* _What the exercise asks_: What are the lines below, starting at the line containing "O RING MC/OMC303067" and ending at the line containing "Porsche Cayenne 3.0"? Write them out exactly, ends included, without pictures.

────────────────────────────────────────

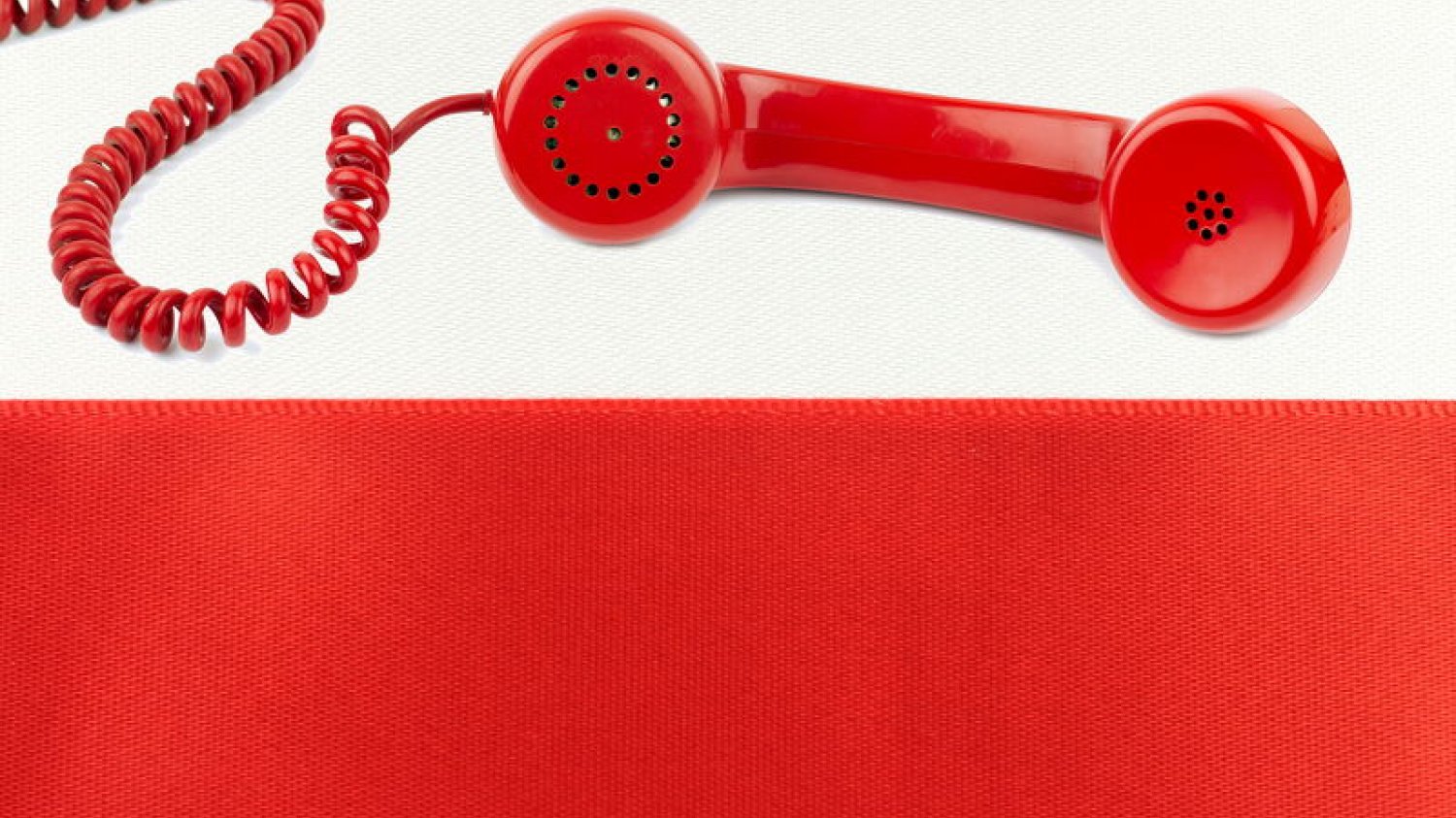 Czy [url=http://shutr.bz/1ersmaY]telefoniczne[/url] deklaracje o gotowości umierania za ojczyznę mają sens?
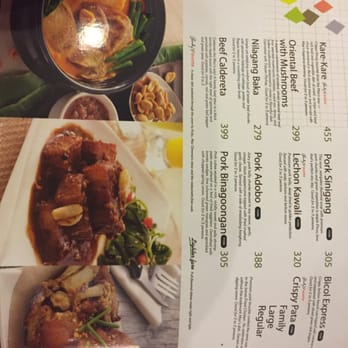 Max's Restaurant - Filipino Near Me - Parañaque, NCR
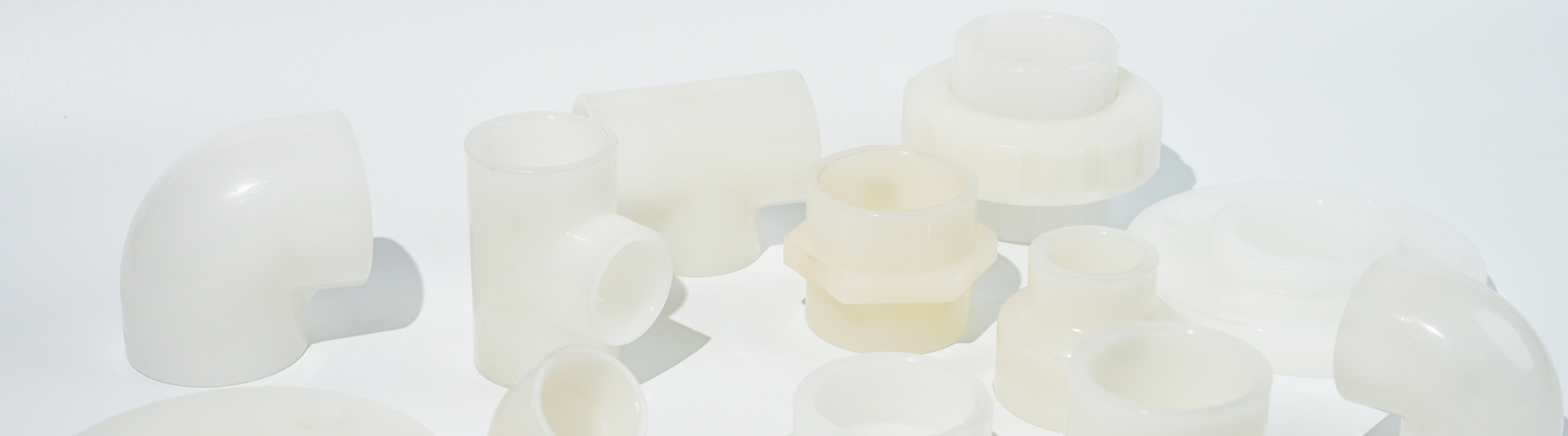 Jiangyin Huada poliestere plastica Co., Ltd.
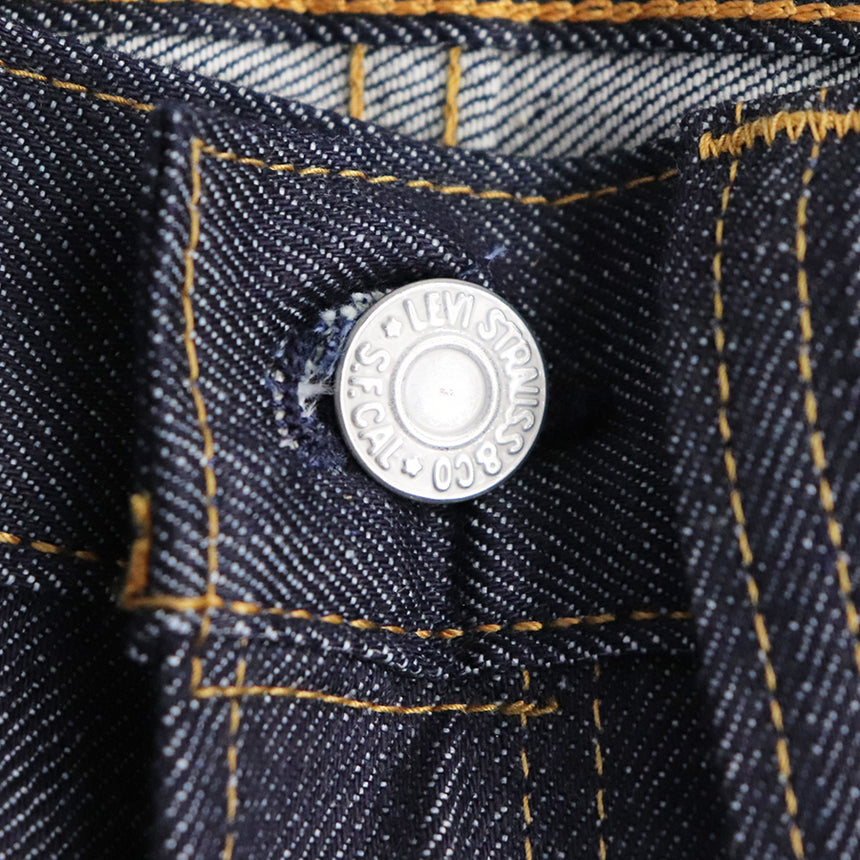 Levi's VINTAGE CLOTHING 501XX 1947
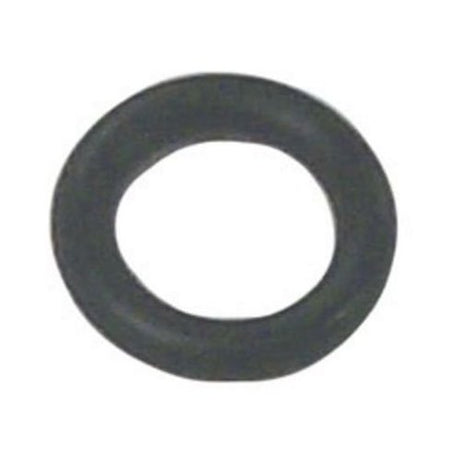O RING MC/OMC303067   55-273
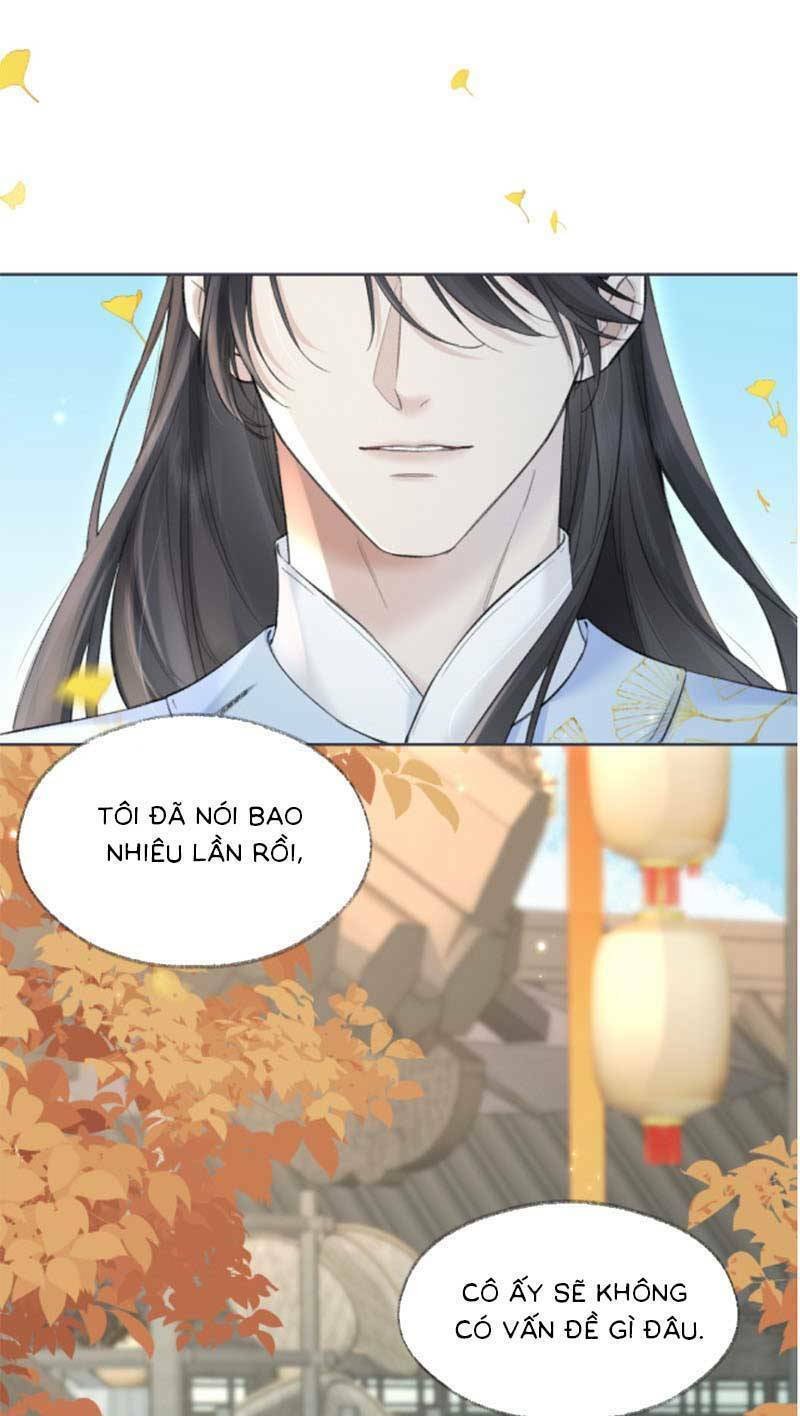 Ta Ở Hiện Đại Làm Đại Boss Chapter 47 - Trang 2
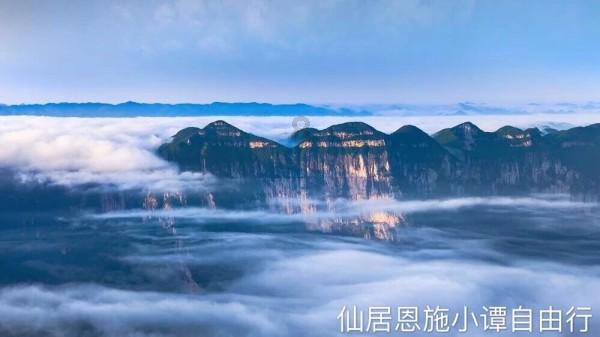 逃离阴暗的房屋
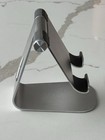 Lamicall Tablet Stand Adjustable, Tablet Holder for 4 - 13 Inch Tablet and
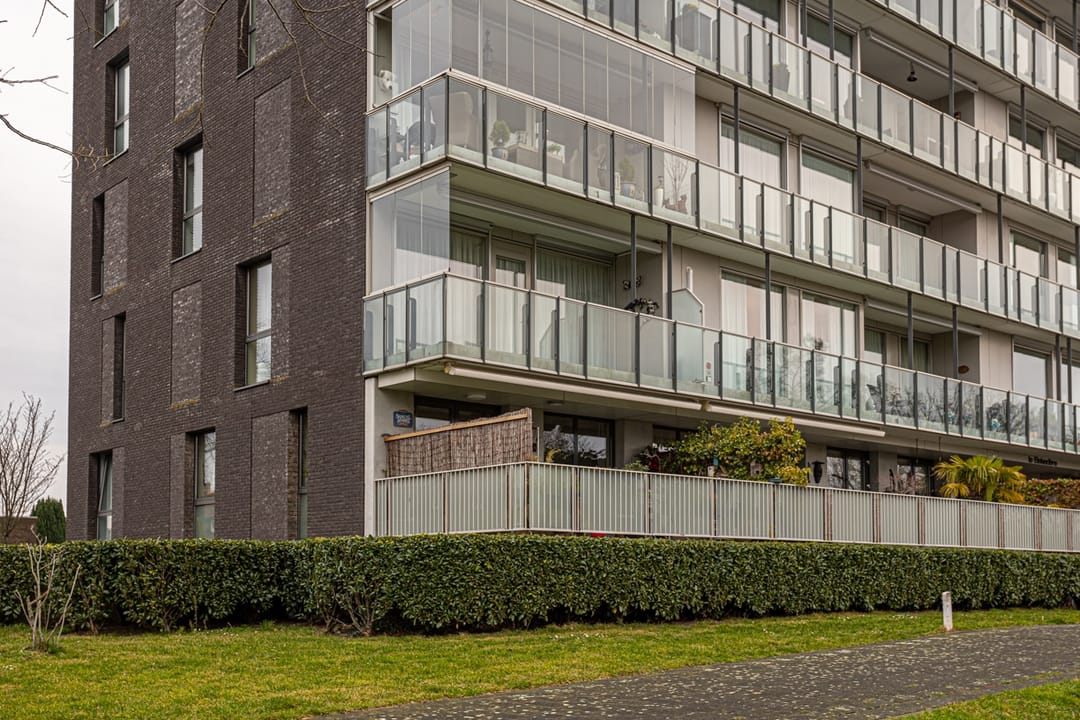 Foto 38 van Augustalaan 176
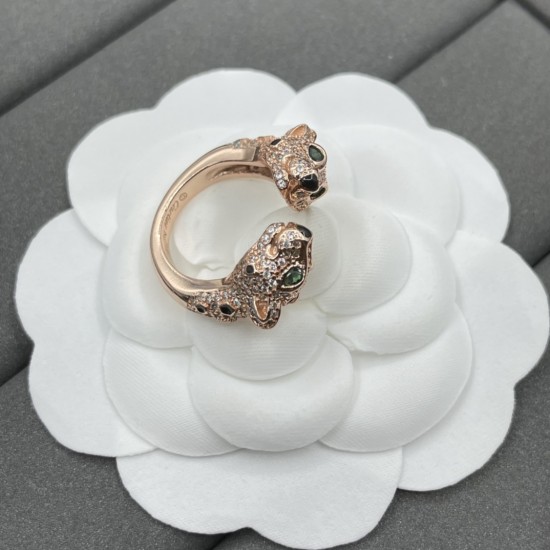 Cartier Jewelry High Quality Cartier Jewelry High Quality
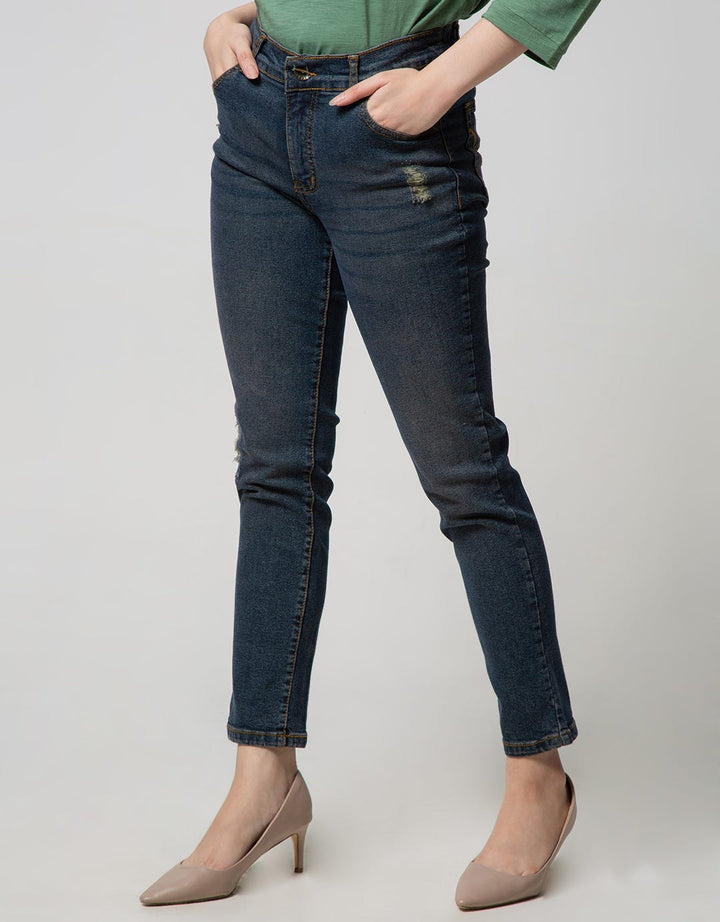 Expand Karoline Jeans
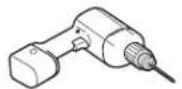 GE AHL10AS - REQUISITOS ELÉCTRICOS - 5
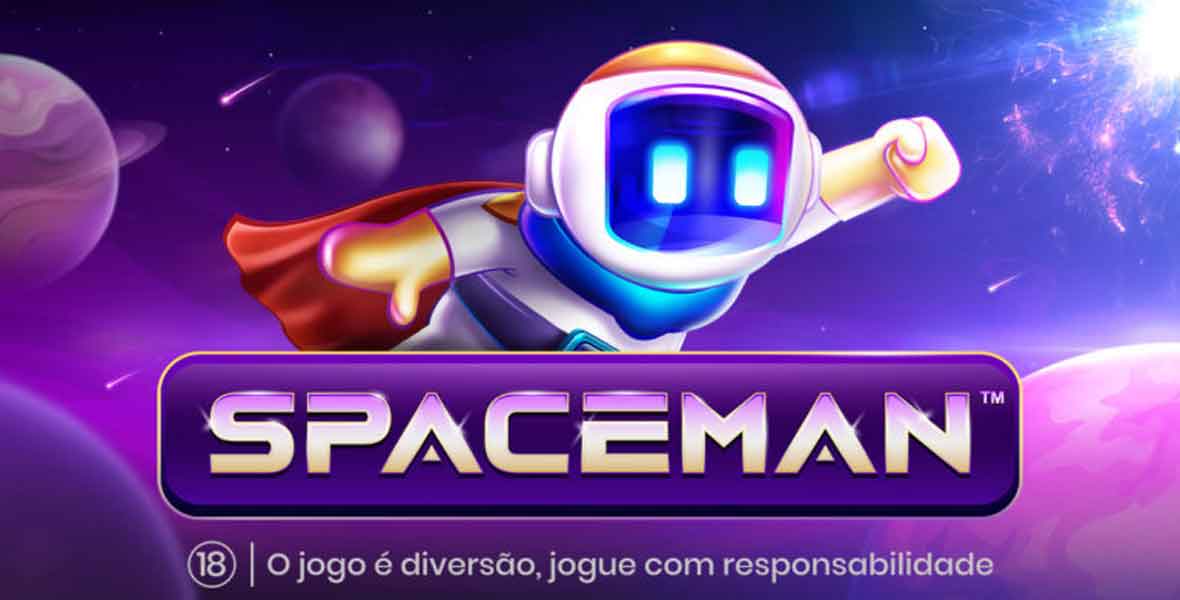 Agência na Web - Integração Pragmatic Play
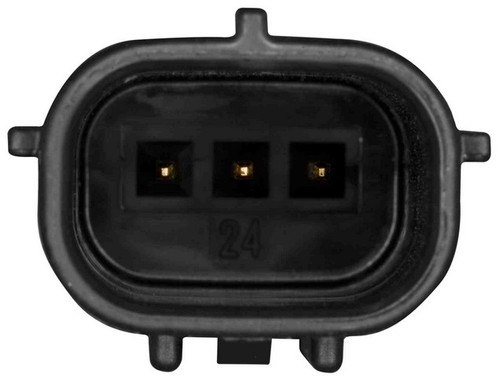 NTK Engine Camshaft Position Sensor EC0295 - view 4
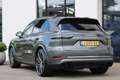 Porsche Cayenne 3.0 E-Hybrid / Sport-Chrono / Sport-Design / Lucht Grijs - thumbnail 27
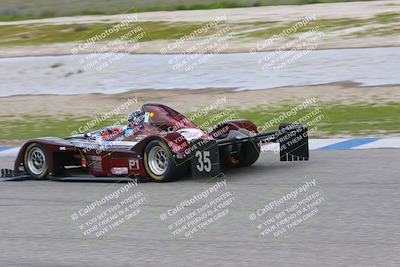 media/Mar-25-2023-CalClub SCCA (Sat) [[3ed511c8bd]]/Group 2/Race/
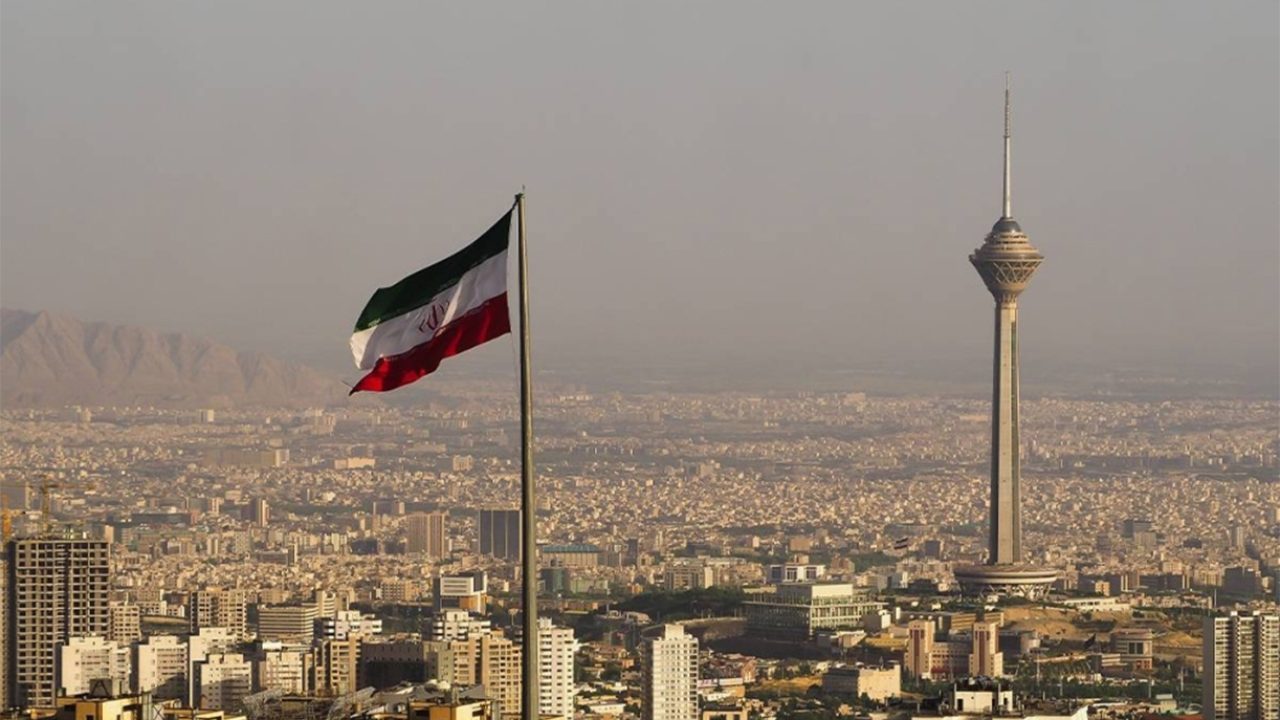طهران-2-qlx4lqzclgophw3ujqels92cq3ukprnl9ku8rpljq8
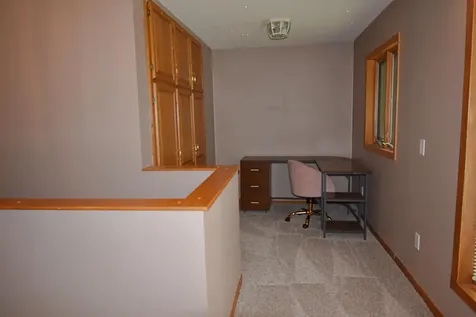 806 9th Ave. S.w Independence IA 50644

────────────────────────────────────────

* _Response area_:
O RING MC/OMC303067   55-273
 Ta Ở Hiện Đại Làm Đại Boss Chapter 47 - Trang 2
 逃离阴暗的房屋
 Lamicall Tablet Stand Adjustable, Tablet Holder for 4 - 13 Inch Tablet and
 Foto 38 van Augustalaan 176
 Cartier Jewelry High Quality Cartier Jewelry High Quality
 Expand Karoline Jeans
 GE AHL10AS - REQUISITOS ELÉCTRICOS - 5
 Agência na Web - Integração Pragmatic Play
 NTK Engine Camshaft Position Sensor EC0295 - view 4
 Porsche Cayenne 3.0 E-Hybrid / Sport-Chrono / Sport-Design / Lucht Grijs - thumbnail 27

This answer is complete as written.